Es gibt -zig Internetseiten, die uns sagen, wie wichtig und unentbehrlich der Beruf der Sekretärin/Assistentin in der heutigen Zeit ist. Man wagt sogar den Ausdruck „Office Managerin“.
Dahinter stehen Frauen, die die qualifizierten Aufgaben, des mit modernsten kommunikationstechnischen Mitteln ausgestatteten Arbeitsplätze aus dem eff eff beherrschen, den Chef entlasten und, die oft große Anzahl der Abteilungsmitarbeiter unterstützen, koordinieren und beraten.
Hierbei kommen die so oft gerühmten und wie selbstverständlich erwarteten „Soft Skills“ ins Spiel, die da so wären:
- Kommunikationsfähigkeit
- Organisationsfähigkeit
- Teamorientierung
- Flexibilität
- Mobilität
- emotionale Intelligenz
- Motivation
- Durchsetzungsvermögen
- Kreativität
- analytisches und logisches Denken.
Mit diesem Wissen und diesen Gedanken üben wir nun seit vielen Jahren diesen Beruf mit Begeisterung aus. Wir wurden ja dringend gebraucht! Die Firma konnte sich 100%ig auf uns und unsere Loyalität verlassen. Wurden wir gerufen, waren wir stets zur Stelle.
Der Chef, die Sekretärin - ein Team. Er konnte sich auf sie verlassen, sie sich auf ihn.

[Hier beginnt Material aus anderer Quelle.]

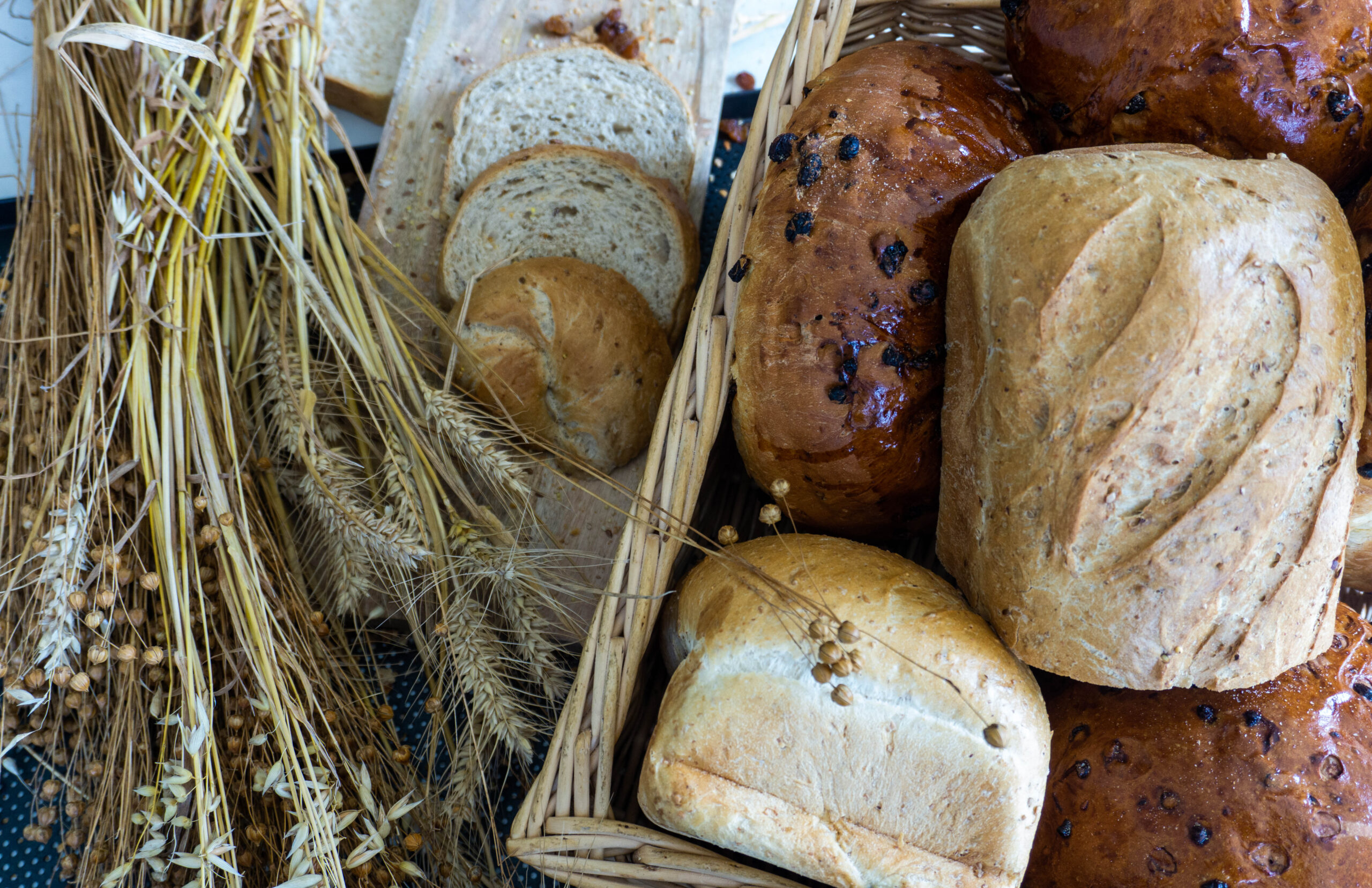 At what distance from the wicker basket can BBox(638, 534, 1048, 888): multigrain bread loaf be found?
0.21 feet

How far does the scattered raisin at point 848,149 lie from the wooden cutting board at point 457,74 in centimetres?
57

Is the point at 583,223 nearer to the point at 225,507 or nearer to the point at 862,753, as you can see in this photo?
the point at 225,507

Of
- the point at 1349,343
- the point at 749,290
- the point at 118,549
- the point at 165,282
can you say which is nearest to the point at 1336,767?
the point at 1349,343

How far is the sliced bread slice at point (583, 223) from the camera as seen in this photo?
147 cm

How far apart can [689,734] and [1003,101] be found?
3.20ft

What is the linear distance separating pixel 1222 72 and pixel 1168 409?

Es ist nicht zu leugnen, dass wir für dieses Engagement angemessen entlohnt wurden. Dieses „Verhältnis“ ist mit der Einführung des ERA-Tarifvertrages gnadenlos und brutal aufgekündigt worden und zwar sehr einseitig, vom Arbeitgeber.
Das was wir leisten, ist plötzlich nichts mehr wert!!
Menschen, die wahrscheinlich nie einen Gedanken daran verschwendet haben, warum in ihrem Umfeld alles so gut läuft, haben den Wert unserer Leistung auf ein Minimum schrumpfen lassen. Wir sind nicht sicher, ob es sich bei dieser immensen Abstufung um ein reines Sparprogramm der Firmen handelt, aufgesetzt in dem Glauben, dass es mit uns am einfachsten durchzuführen ist.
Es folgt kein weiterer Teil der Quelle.